Work instructions> Where the data below contains pictures, omit them; output the rest word for word.
===== Data supplied =====
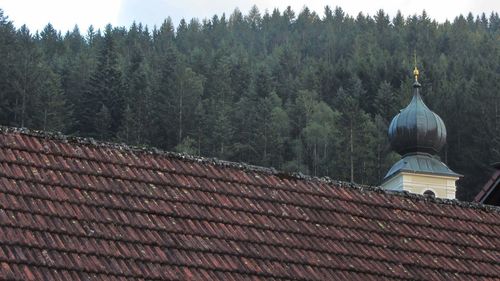 Panoramic view of trees and building against sky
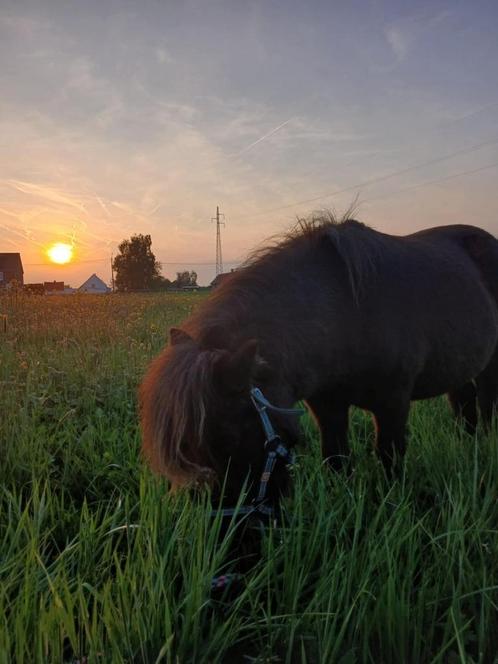 Bruine mini shetland, Dieren en Toebehoren, Pony's, Hengst, 3 tot 6 jaar, Met stamboom, Gechipt, Ontwormd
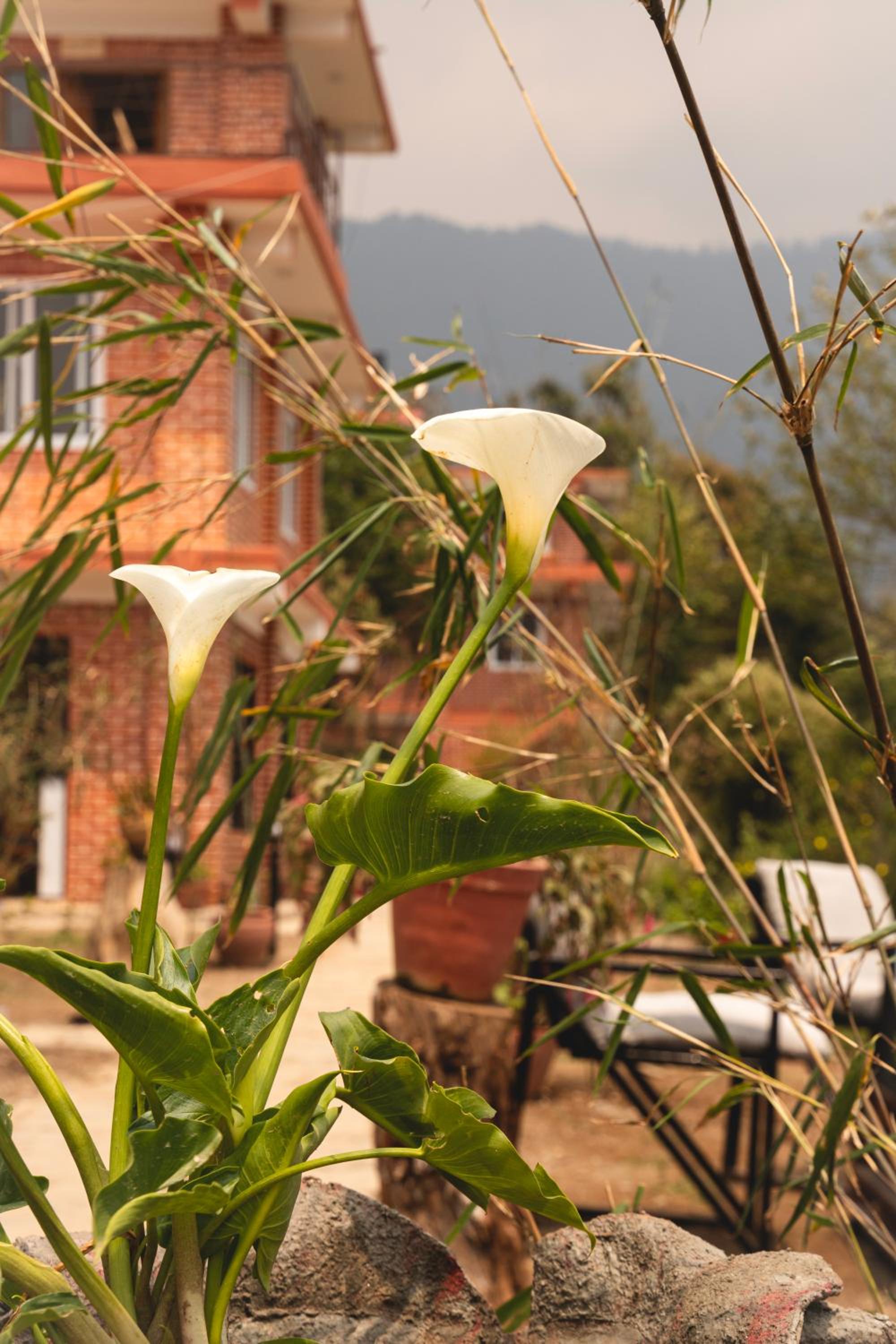 Les Terrasses Himalayan Resort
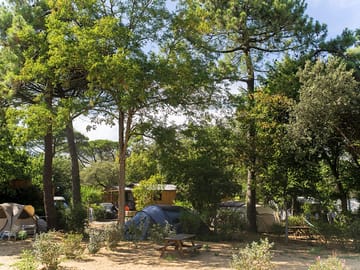Pitches among trees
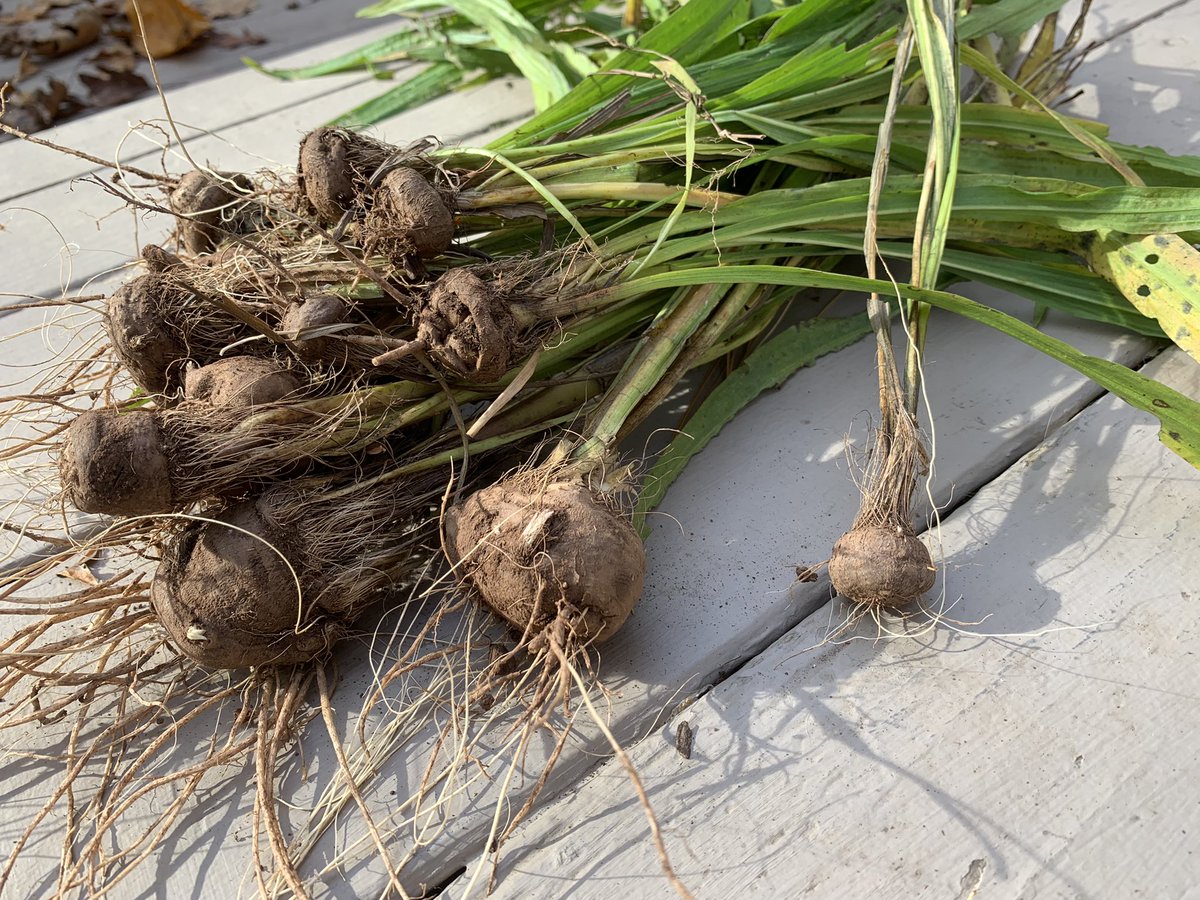 Comps have corms: Liatris spicata spends 1 to 2 years building up its underground resources to fund its spectacular floral display. Here are teenagers, ready for their next home.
=====
Your response>
 Panoramic view of trees and building against sky
 Bruine mini shetland, Dieren en Toebehoren, Pony's, Hengst, 3 tot 6 jaar, Met stamboom, Gechipt, Ontwormd
 Les Terrasses Himalayan Resort
Pitches among trees
 Comps have corms: Liatris spicata spends 1 to 2 years building up its underground resources to fund its spectacular floral display. Here are teenagers, ready for their next home.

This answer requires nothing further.